Il fut une époque, désormais bien lointaine, où j’ai lu pas mal de romans de Michel Zevaco et notamment toute la série des Pardaillan. Un temps qui ne risque pas de revenir de sitôt au vu de la grosse déception qui fut la mienne à la lecture des deux forts volumes que sont « Le pont des soupirs » et sa suite « Les amants de Venise ». Ma déconvenue tient à plusieurs choses et tout d’abord au style de l’auteur. Un style certes solide et bénéficiant d’une belle écriture tout de mots choisis et d’expressions recherchées, mais malheureusement aussi beaucoup trop grandiloquent. Cela sonne la plupart du temps terriblement faux et donne au récit des allures de conte ou de légende. A aucun moment on n’arrive à croire aux aventures qui nous sont contées ni à faire nôtres les angoisses et les peurs des personnages.

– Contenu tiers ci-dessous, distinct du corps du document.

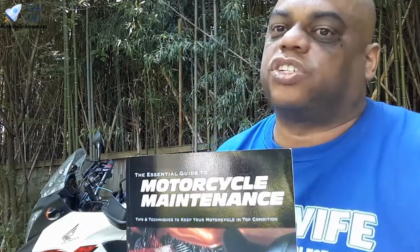As you guys know if you saw my toolkit video, for me riding is a lot more than just getting on the bike and twisting the throttle. It's actually the maintenance and the mechanical work that goes into it — it's part of the hobby for me. You may not actually want to do that yourself.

Ceux-ci sont d’ailleurs beaucoup trop monolithiques et presque totalement dénués d’ambigüité. Les gentils sont parés de toutes les qualités, bonté, pitié, modestie, alors que les méchants ne pensent que pouvoir, crime et luxure. Les premiers se sacrifient, les seconds trahissent sans vergogne. Le couple de héros n’échappe pas à la règle puisque Roland, aussi fort que magnanime, devient l’égal de son illustre homonyme tandis que sa fiancée est le prototype de la vierge antique qui préfère la mort à la souillure. Seul le personnage (réel celui-là) de Pierre l’Arétin, trouillard opportuniste, vaniteux et débauché, tire son épingle du jeu et apporte au roman une note de légèreté et d’humour grâce à sa roublardise et ses bons mots.
Et que dire de l’histoire ? Qu’il s’agit d’un plagiat du Comte de Monte-cristo, c’est évident et ce n’est pas ce qui m’a gêné. Le célèbre roman de Dumas a été copié à de nombreuses reprises, parfois avec bonheur, parfois non. Ce qui ici, m’a vraiment déplu, c’est la façon dont le héros réalise sa vengeance. Alors qu’Edmond Dantès procédait avec méthode et froideur, agissant dans l’ombre et se faisant reconnaître au tout dernier moment, le héros de Zevaco avance à découvert et crie sa colère sur tous les toits. Ses « sentences » manquent aussi de finesse et se concluent presque toujours par la mort du coupable tandis que son modèle ne tuait jamais ses victimes mais utilisait leurs mauvais penchants pour les mener à leur perte.